Pilih Olahraga atau Mengatur Pola Makan
Salah satu masalah yang menghinggapi anak muda adalah obesitas. Hal itu terjadi karena sekarang ini anak-anak jarang berolahraga selain saat jam pelajaran olahraga di sekolah. Selain itu, gaya hidup tak sehat sekarang menjadi lazim, seperti terbiasa menyantap hidangan cepat saji berkalori tinggi, kurang bergerak, lebih suka menonton melalui internet dan bermain gim dengan telepon pintarnya.
Hasil riset berjudul ”Penanganan Obesitas di ASEAN: Prevalensi, Dampak, dan Pedoman Intervensi” dari Asia Roundtable on Food Innovation for Improved Nutrition (ARoFIIN), yang disusun The Economist Intelligence Unit, menyebutkan, Indonesia salah satu negara dengan masalah kurang gizi sekaligus obesitas di Asia Tenggara.
Hasil studi itu menunjukkan, meski prevalensi obesitas dan kegemukan di Indonesia 5,7 persen dan 24,5 persen, atau di posisi keempat di antara enam negara yang diteliti, Indonesia menghabiskan 2-4 miliar dollar AS untuk mengatasi dampak obesitas, atau setara 8-16 persen dari pengeluaran kesehatan. Jumlah itu yang terbesar di antara negara lain di ASEAN yang diteliti. Prevalensi obesitas diukur dengan indeks massa tubuh (IMT) lebih dari 30, sedangkan kegemukan diukur dengan IMT di atas 25.
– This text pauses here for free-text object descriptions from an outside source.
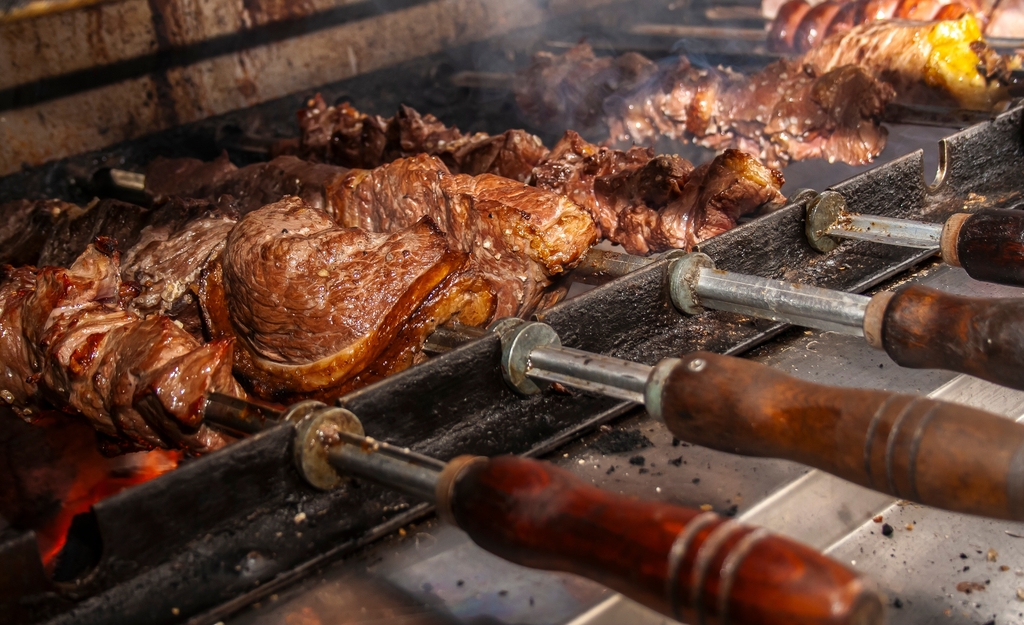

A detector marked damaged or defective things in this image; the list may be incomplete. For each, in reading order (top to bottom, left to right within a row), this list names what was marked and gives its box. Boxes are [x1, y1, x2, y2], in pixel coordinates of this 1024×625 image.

burnt crumb [593, 428, 655, 452]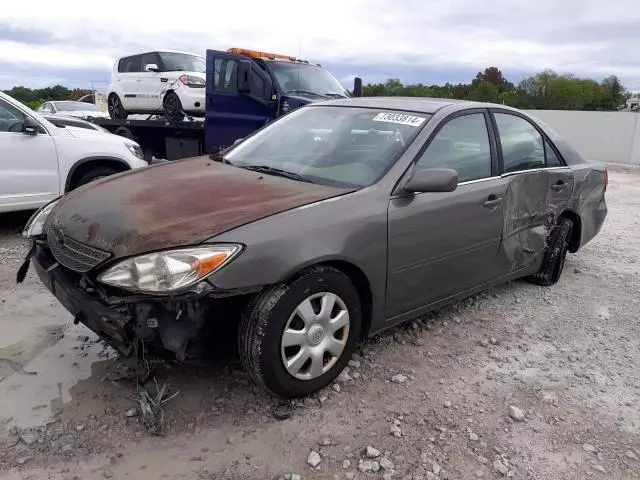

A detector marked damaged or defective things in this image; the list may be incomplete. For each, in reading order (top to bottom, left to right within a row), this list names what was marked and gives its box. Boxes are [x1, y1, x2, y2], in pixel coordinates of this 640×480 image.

broken headlight [21, 197, 59, 238]
damaged front bumper [22, 244, 252, 360]
broken headlight [97, 244, 242, 292]
rusted hood [50, 157, 356, 258]
damaged toyota camry [18, 97, 608, 398]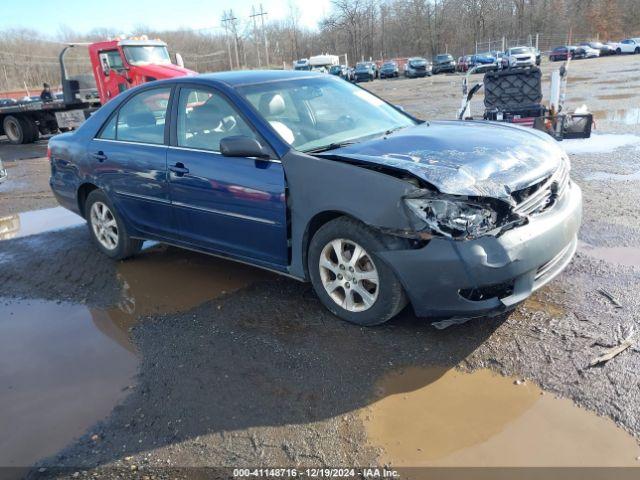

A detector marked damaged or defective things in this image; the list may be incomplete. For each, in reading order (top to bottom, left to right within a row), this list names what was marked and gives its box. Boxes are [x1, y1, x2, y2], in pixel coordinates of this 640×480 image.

damaged sedan [47, 70, 584, 326]
crumpled front bumper [378, 180, 584, 318]
broken grille [510, 159, 568, 216]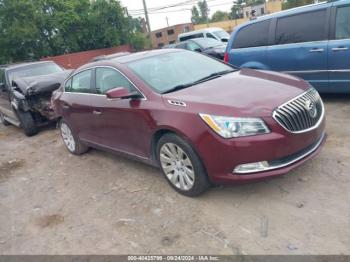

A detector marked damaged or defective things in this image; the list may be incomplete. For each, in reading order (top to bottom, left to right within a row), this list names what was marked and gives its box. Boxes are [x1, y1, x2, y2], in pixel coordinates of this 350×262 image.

damaged black sedan [0, 60, 71, 136]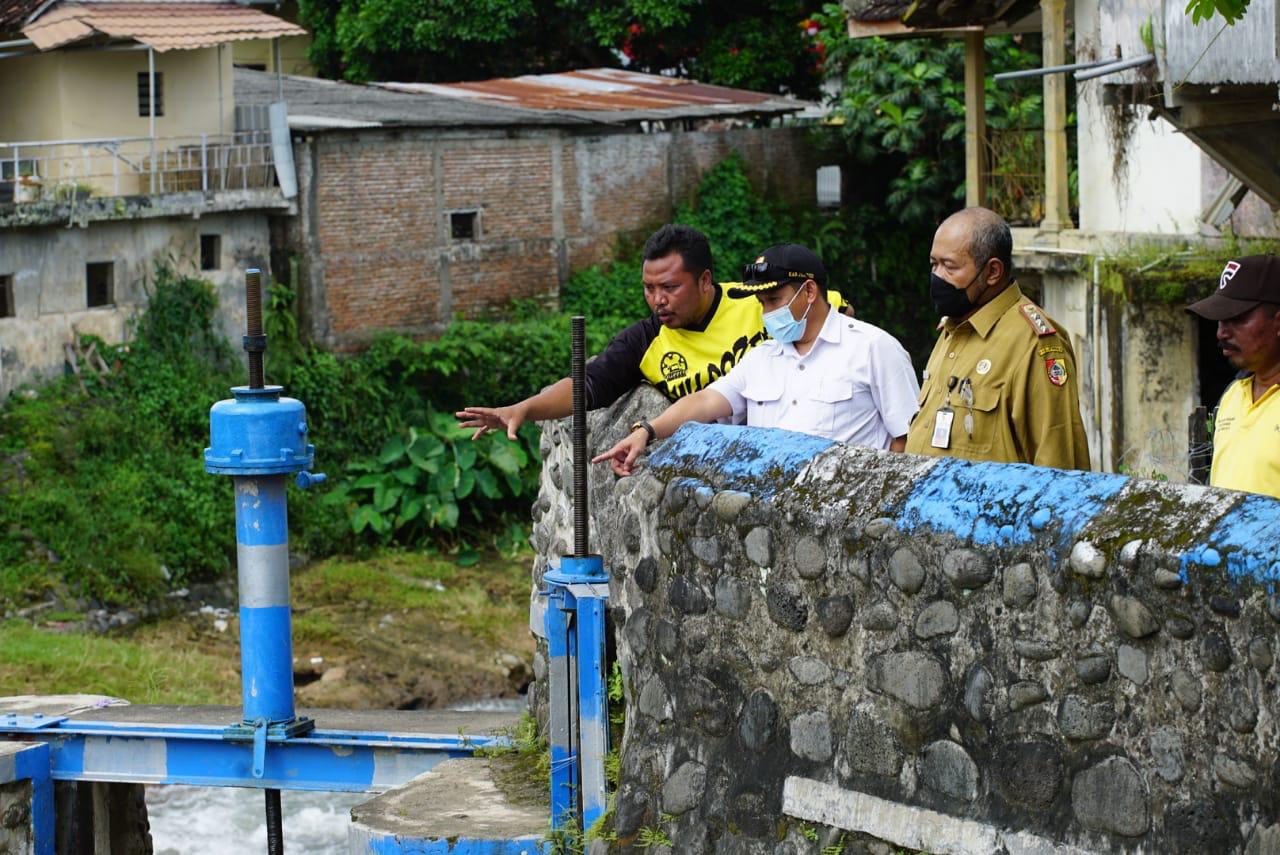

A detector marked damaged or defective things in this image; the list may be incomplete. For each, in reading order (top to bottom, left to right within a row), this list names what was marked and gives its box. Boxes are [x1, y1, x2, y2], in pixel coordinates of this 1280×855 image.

rusty corrugated metal roof [25, 1, 307, 51]
rusty corrugated metal roof [373, 68, 788, 119]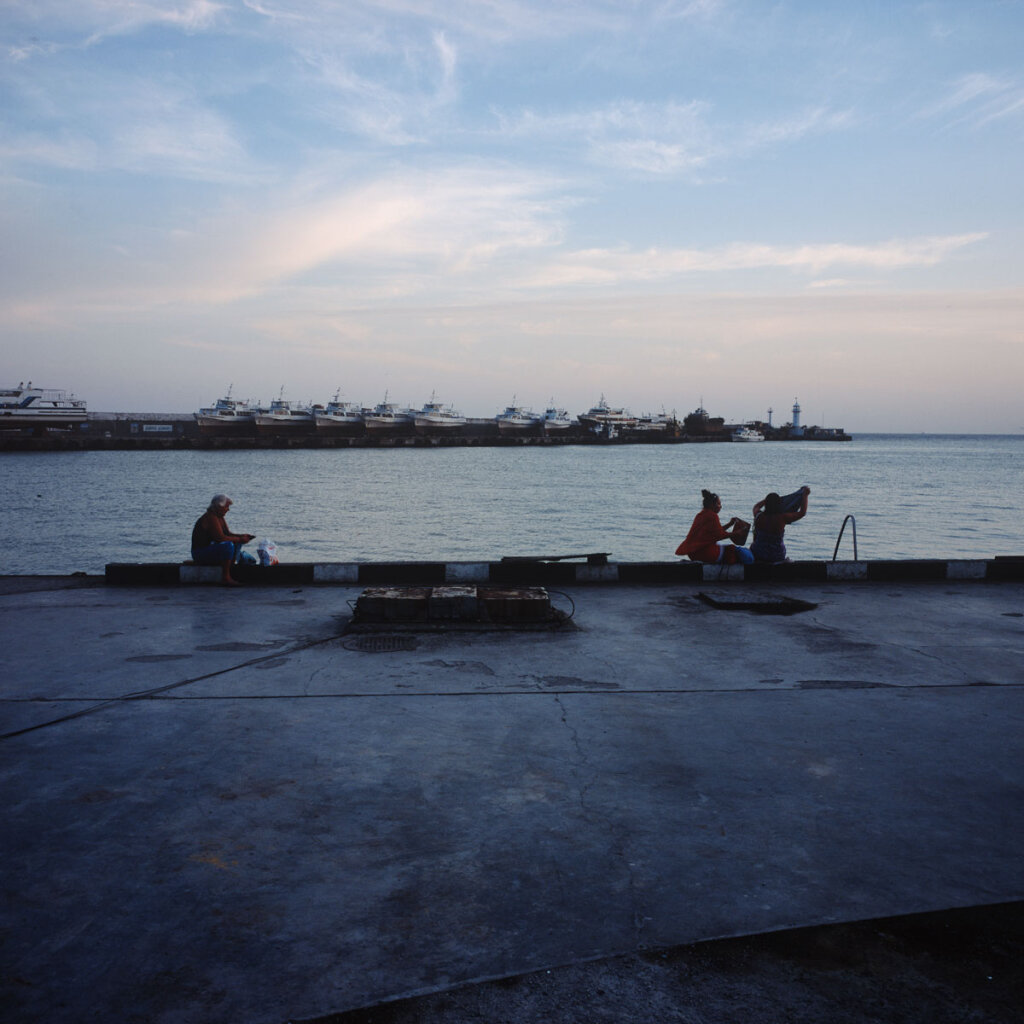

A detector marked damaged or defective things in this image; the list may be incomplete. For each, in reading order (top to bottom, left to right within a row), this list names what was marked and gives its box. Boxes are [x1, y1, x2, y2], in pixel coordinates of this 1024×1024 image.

cracked concrete [0, 581, 1019, 1019]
Sekretaris ARoFIIN Bruno Kistner menyadari, tak ada formula ajaib yang berlaku di semua tempat untuk mengatasi obesitas. Jadi, semua pihak harus berperan menanggulangi obesitas. (Kompas, Sabtu, 10 Jun 2017).
Meski menurunkan berat badan bukan perkara mudah, ada anak-anak muda yang sukses mengupayakan hal itu. Mereka tidak mengeluarkan biaya mahal, tetapi bermodal kemauan keras menjadi lebih sehat.
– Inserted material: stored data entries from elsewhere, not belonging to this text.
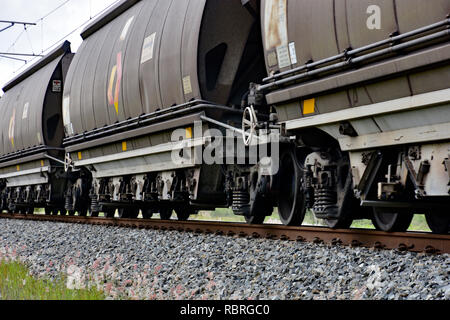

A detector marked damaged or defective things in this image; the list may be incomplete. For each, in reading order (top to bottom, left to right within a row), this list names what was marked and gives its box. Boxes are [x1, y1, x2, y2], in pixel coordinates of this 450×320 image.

rusty metal panel [0, 42, 70, 158]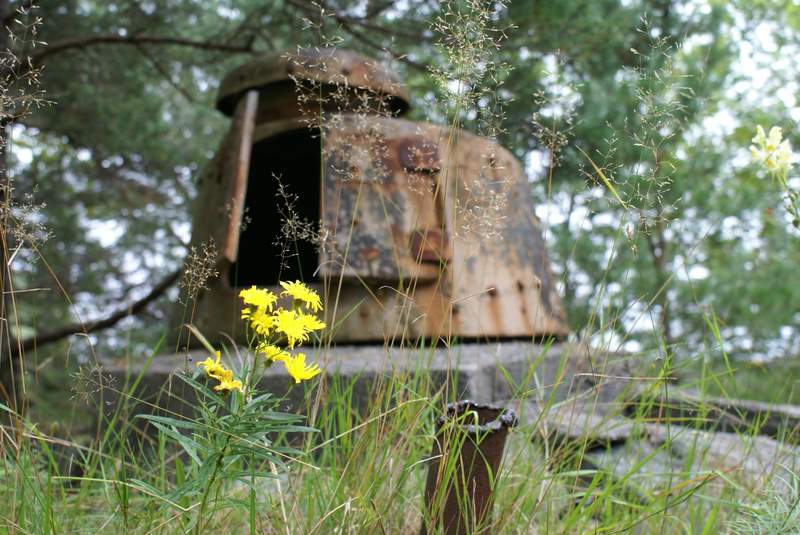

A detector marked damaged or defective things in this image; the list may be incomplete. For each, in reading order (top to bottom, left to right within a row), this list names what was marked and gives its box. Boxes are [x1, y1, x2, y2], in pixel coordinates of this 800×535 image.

rusty metal object [216, 48, 410, 117]
rusty pipe [418, 400, 520, 532]
rusty metal object [418, 402, 520, 535]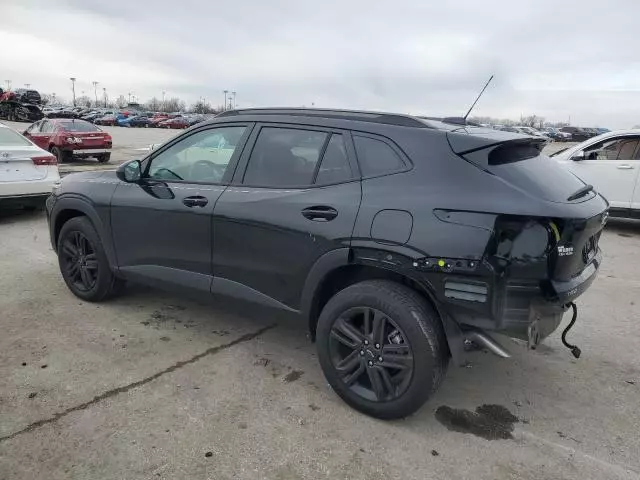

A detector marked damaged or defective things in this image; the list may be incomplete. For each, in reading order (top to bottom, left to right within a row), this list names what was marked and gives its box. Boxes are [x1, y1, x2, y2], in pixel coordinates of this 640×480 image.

wrecked vehicle [46, 109, 608, 420]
Revan Pasha Kautharnadhif (16), siswa SMA Negeri 7 Jakarta, berhasil menurunkan berat badan dari semula 97 kilogram menjadi 83 kilogram dalam waktu tiga bulan. Dia mengurangi asupan karbohidrat pada malam hari, mengurangi makanan manis dan tinggi kalori, serta rajin berolahraga.
Dia berusaha keras menurunkan bobot tubuhnya setelah melihat orang yang berperut besar dan buncit. Kemudian, dia pun bertanya kepada ayah ibunya guna mengetahui penyebab perut buncit itu dan apakah dia berpeluang seperti itu kelak.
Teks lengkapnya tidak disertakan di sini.